L’amour nous sauvera-t-il ? Peu probable, selon Rilke : "Lorsque chacun se hausse à la bouche de l’autre et y porte la sienne – boisson contre boisson : oh comme le buveur alors, étrangement, s’échappe de son geste", dit la deuxième élégie. Dans la relation amoureuse, nous n’échappons pas à l’affût, au spectacle de nous-mêmes et dès lors sortons de la grâce d’un baiser. Sujet contre sujet plutôt que perte et abandon du sujet. Avidité et impatience, localisation spatio-temporelle de la jouissance plutôt qu’extension et dilatation de l’âme : "Ange, et quand même je réclamerais après toi ! Tu ne viens pas. Car toujours mon appel à moi est plein de va-t’en ; ce courant si fort t’empêche d’avancer", pleure la septième élégie. Passion de la fuite de l’escalier, passion de la contraction en un point de chute. Il faut croire qu’on n’aime rien de plus que d’être seul, que d’être ailleurs au point de s’y perdre sans s’y trouver, de repousser la vie en son débord.
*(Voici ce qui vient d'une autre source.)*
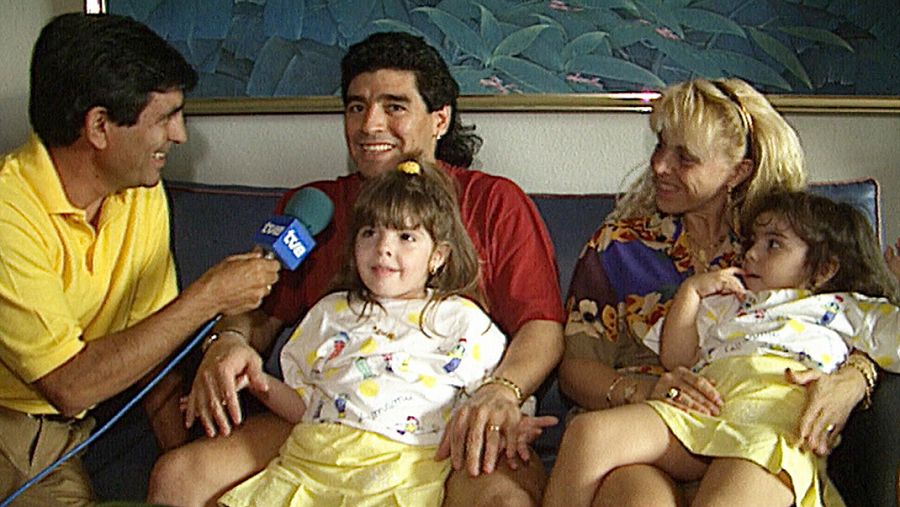 Maradona, con su familia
Il faut croire que l’esprit de l’escalier n’aime rien de plus que la mort : "Car auprès de la mort on ne voit plus la mort, on fixe le dehors, avec peut-être un grand regard de bête. Les amants, n’était l’autre qui barre la vue, en sont près et s’étonnent…" (huitième élégie). Mais nous croyons fuir en toute innocence vers la mort comme être de vivant sommeil, en réalité nous courrons en toute avidité vers la jouissance par avoir de la création, le rêve d’avoir Tout qui nous fait repousser le quelque chose comme une chose et non comme une graine émergeante. Hélas nous ne pouvons pas avoir Tout. Nous ne pouvons que devenir Tout par extension de notre âme dans toutes les directions, y compris le passé. Mais ce passé nous fait souvent horreur, puisque nous n’y étions pas étendus, mais escaliers éphémères où le destin posait ses pieds sans les nettoyer. Le passé n’est pas notre passé et c’est pourquoi nous le haïssons. Car il nous faut accepter d’être un autre.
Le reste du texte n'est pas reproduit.